Exact copy, pictures omitted: the line holding "Friendly New Forest" and every line after it down to the end of the entries.

━━━━━ Provided data ━━━━━

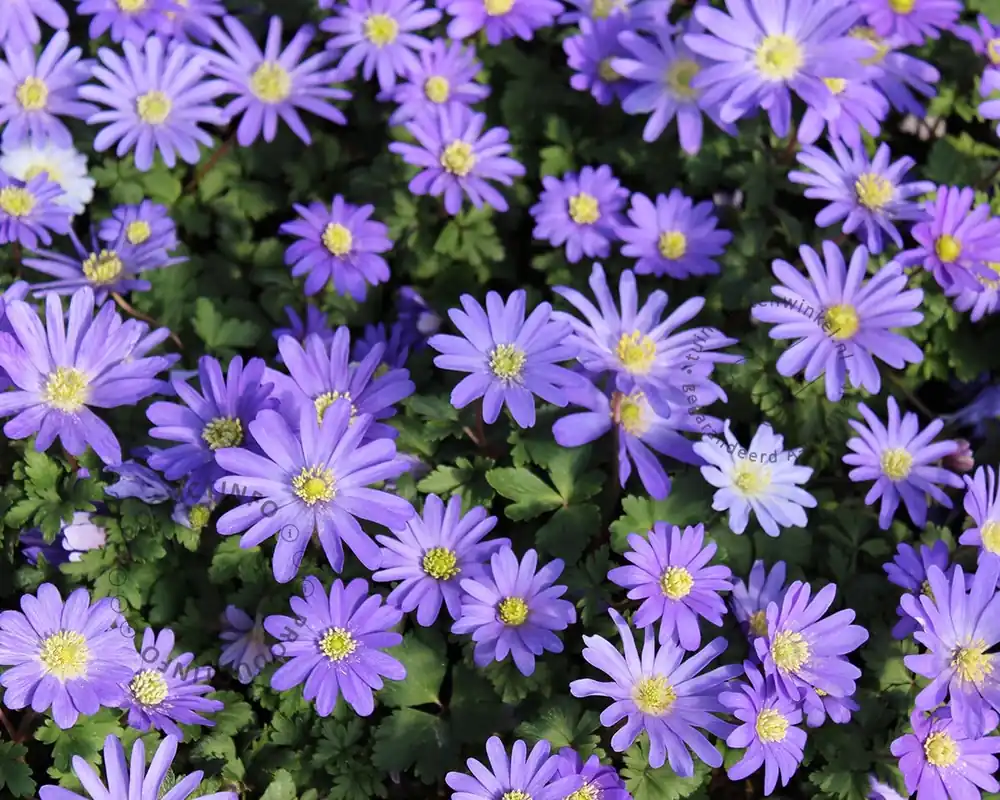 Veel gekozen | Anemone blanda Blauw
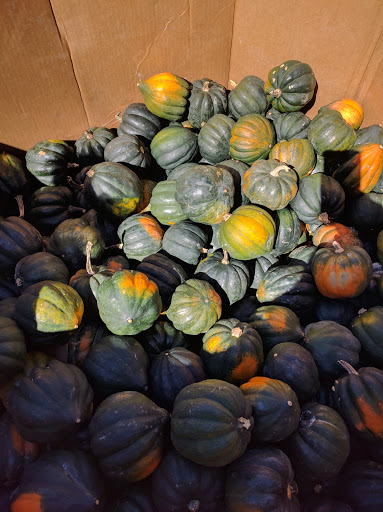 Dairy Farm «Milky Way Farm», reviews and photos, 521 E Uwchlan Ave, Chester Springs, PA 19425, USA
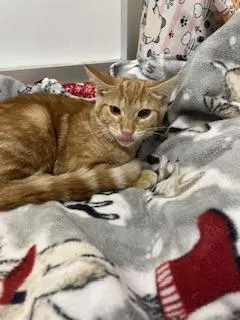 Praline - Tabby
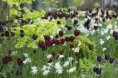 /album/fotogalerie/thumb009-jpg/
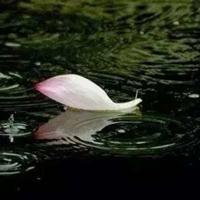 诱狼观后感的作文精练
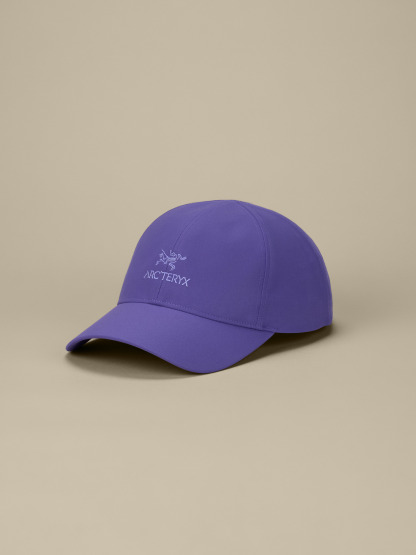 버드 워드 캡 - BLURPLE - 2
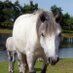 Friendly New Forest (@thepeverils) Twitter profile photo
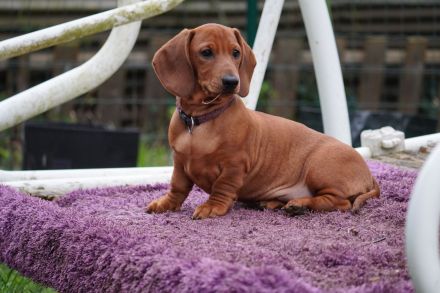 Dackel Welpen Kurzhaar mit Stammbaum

━━━━━

| Output of the task |
 Friendly New Forest (@thepeverils) Twitter profile photo
 Dackel Welpen Kurzhaar mit Stammbaum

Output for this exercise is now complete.